За столом кают-компании, где собрались все благородные пассажиры и не занятые на вахте офицеры, было так тесно, что сидеть приходилось бочком, а угощаться одной рукой. Этого неудобства никто не замечал. Напротив, теснота создавала впечатление какого-то мальчишника, какого-то школьного приключения, какого-то пикника. Все друг другу как-то сразу приглянулись и старались угодить соседу, опередить его желание, передать тарелку, солонку, стакан. Специального праздника не устраивали: не было повода ликовать, едва оторвавшись от земли в такую невообразимую даль. Но старший лейтенант Ратманов, опытнейший из офицеров на корабле, взявший на себя обязанность распорядителя стола, решил побаловать товарищей разнообразием меню, пока была возможность. Моряки, не впервой участвующие в дальних походах, отлично знали: как ни рассчитывай рацион до самого конца, как ни экономь и ни страхуйся от неожиданностей, всё равно настанет день, когда не увидишь не то что мяса и хлеба, а вдоволь пресной воды. Сухопутные люди, оказавшиеся в этом плавучем ресторане с фруктами, несколькими мясными блюдами, зеленью, французскими винами, водками и ромом, недоумевали: где же здесь невыносимые испытания, где здесь подвиг?
Не сговариваясь, моряки и посольские разделились по обе стороны стола – вокруг Крузенштерна и вокруг Резанова. Было и несколько, так сказать, промежуточных лиц. Граф Толстой сидел со своим приятелем Ромбергом среди моряков, а корабельный доктор Еспенберг устроился возле академика Курляндцева как человека статского и, видимо, положительного.
– И что же, каждый день на корабле такие разносолы? – справился Курляндцев у кавалера Ратманова, с чрезмерной осторожностью передавая вино графу Толстому. После той несчастной ночи художник всё не мог прийти в себя и найти правильный тон с молодым офицером – от заговорщицкого до укоризненного, – а тому и дела не было.
– Провизия рассчитана таким образом, чтобы с избытком хватило до конца похода, – отвечал Ратманов. – Зелень, фрукты и вино пополняются на стоянках, вместе с водою, также живая птица и скот. Ежели вы вообразили нечто романическое, то вынужден вас разочаровать: каннибализма на корабле не бывает.
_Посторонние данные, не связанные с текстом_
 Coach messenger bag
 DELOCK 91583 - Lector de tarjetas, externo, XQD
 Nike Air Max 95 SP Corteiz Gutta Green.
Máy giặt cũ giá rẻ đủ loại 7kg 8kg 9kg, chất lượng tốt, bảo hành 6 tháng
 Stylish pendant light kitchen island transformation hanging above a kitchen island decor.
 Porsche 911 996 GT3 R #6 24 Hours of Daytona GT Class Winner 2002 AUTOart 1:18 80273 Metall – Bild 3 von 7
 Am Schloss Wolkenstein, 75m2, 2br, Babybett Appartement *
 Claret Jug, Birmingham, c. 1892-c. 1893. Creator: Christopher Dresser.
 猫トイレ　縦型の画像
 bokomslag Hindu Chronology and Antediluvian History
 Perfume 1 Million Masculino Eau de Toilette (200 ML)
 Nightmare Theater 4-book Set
Самая страшная беда в дальнем плавании – цинготная болезнь, но против неё взяты все меры: дрожжи, горчица, еловый экстракт. В тропических широтах служителям дают пунш с лимоном, клюквенный сыроп, даже виноградное вино. Полезен также чай. Слава Богу, мы живем в девятнадцатом столетии, а не в Магеллановы времена, когда вымирали целые команды.
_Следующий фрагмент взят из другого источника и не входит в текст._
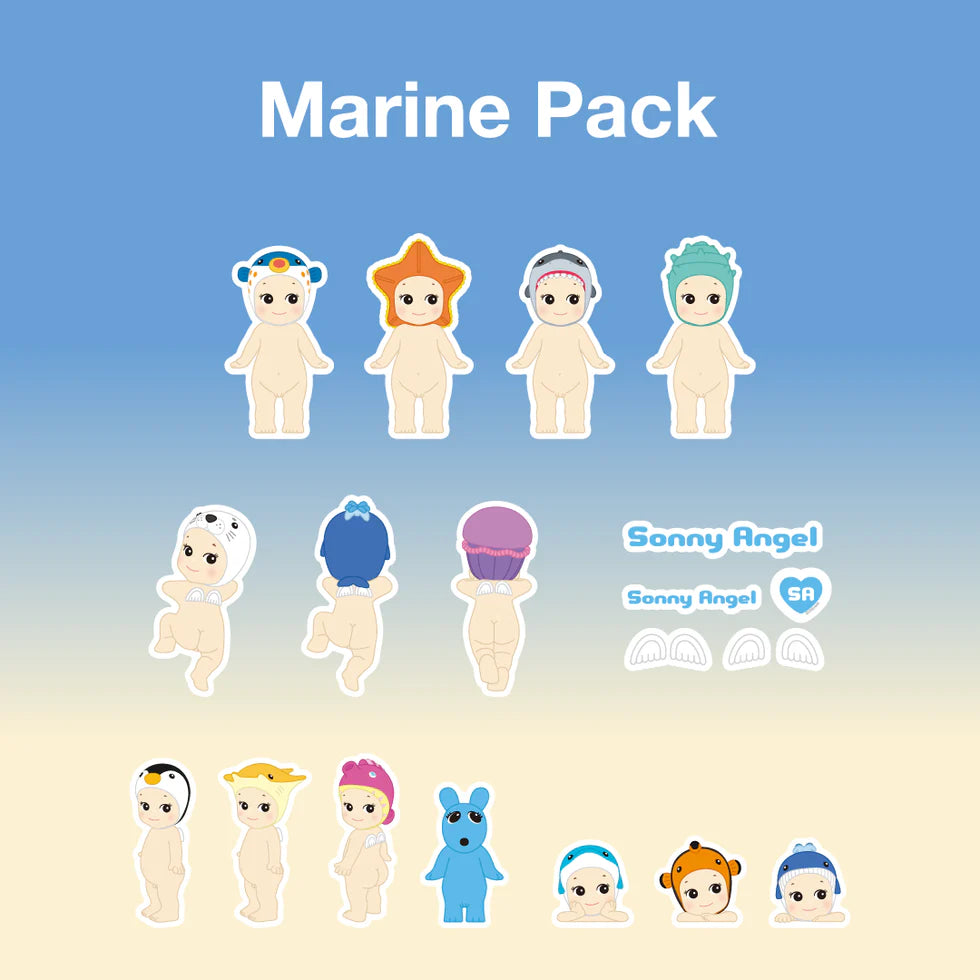 מארז מדבקות | Sonny Angel: Series 1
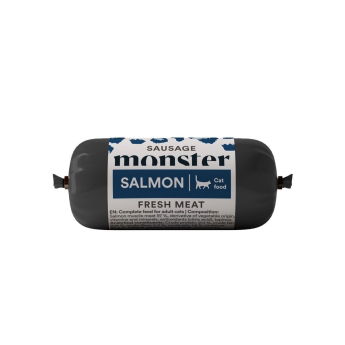 Monster Cat Sausage Salmon 80 g
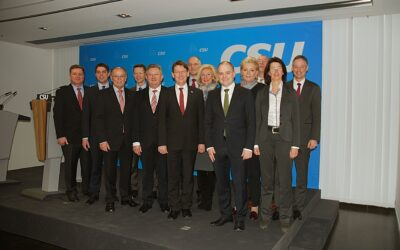 Kommunalpolitik im CSU-Parteivorstand enorm stark vertreten
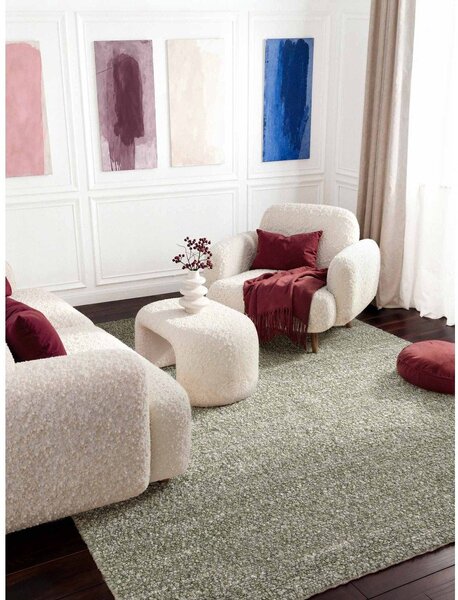 Světle zelený ručně tkaný koberec 120x170 cm Notting Hill Portobello – Ted Baker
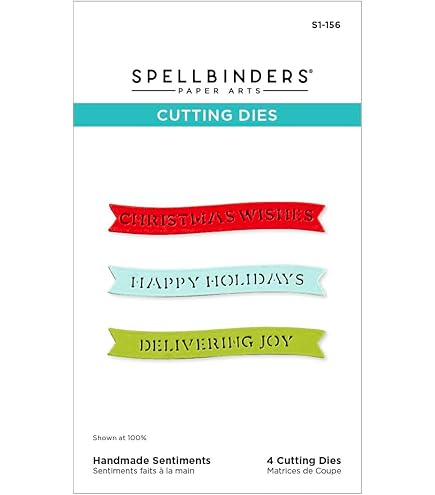 Spellbinders Shapeabilities Sapin De Noël | Herazz - Boutique De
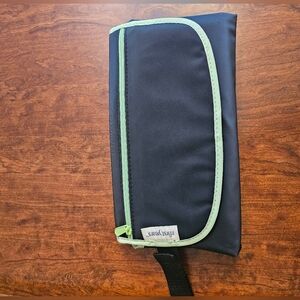 The First Years Travel Black Changing Pad Set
– А не случалось вам пробовать крыс? – поинтересовался Толстой, с завидным аппетитом уплетая рисовый пудинг. Впечатлительный Курляндцев поперхнулся.
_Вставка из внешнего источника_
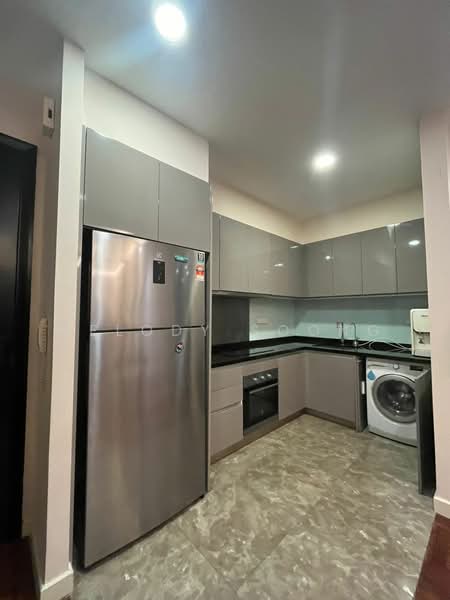Servis Apartment untuk Disewa di Residency V - Melody Soong - Kitchen - PropertyGuru.com.my
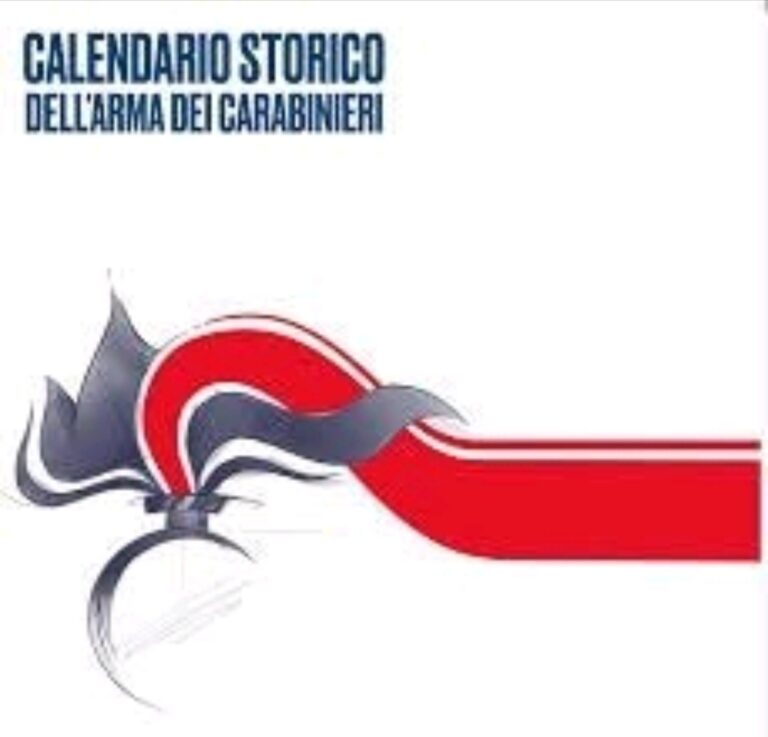 Avellino, i Carabinieri presentano agli organi di informazione il Calendario Storico e l’Agenda 2026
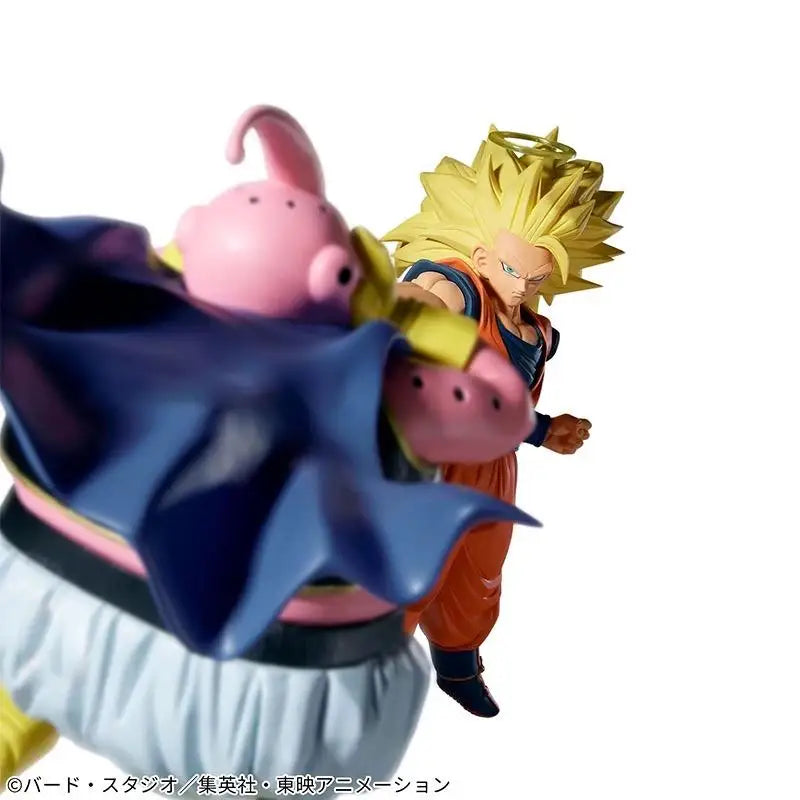 Dragon Ball Super Saiyan Son Goku Great War Majin Buu Anime Action Figure Model Toys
– Крыс – нет. Но однажды пришлось сварить кошку вместо зайца, – усмехнулся Ратманов. – Недурной получился бульон.
"Вот тебе и рацион, – " одновременно подумали многие сухопутные.
– Крыс обыкновенно употребляют китайцы, для которых не существует нечистой пищи, – важно пояснил Ромберг и смутился, заметив, как Резанов отложил прибор и снял салфетку.
– А как, позвольте узнать, питается команда? Нет ли недовольных? – обратился купец Шемелин к самому капитану.
– А вы подойдите к ним во время обеда да попробуйте, – улыбнулся Крузенштерн. – Они вас попотчуют с удовольствием: щи с мясом и рюмка водки каждый день. Только вставать придется раненько. Матрозы что куры – встают на рассвете, а в девять часов уже спят.
Подали чай с пирогом. Курящие офицеры достали трубки и расположились на диванчике вокруг мачты.
– Правду ли говорят, что от долгого сожительства на тесном пространстве у иных моряков случается что-то вроде бешенства? – спросил капитана лейтенант Головачев.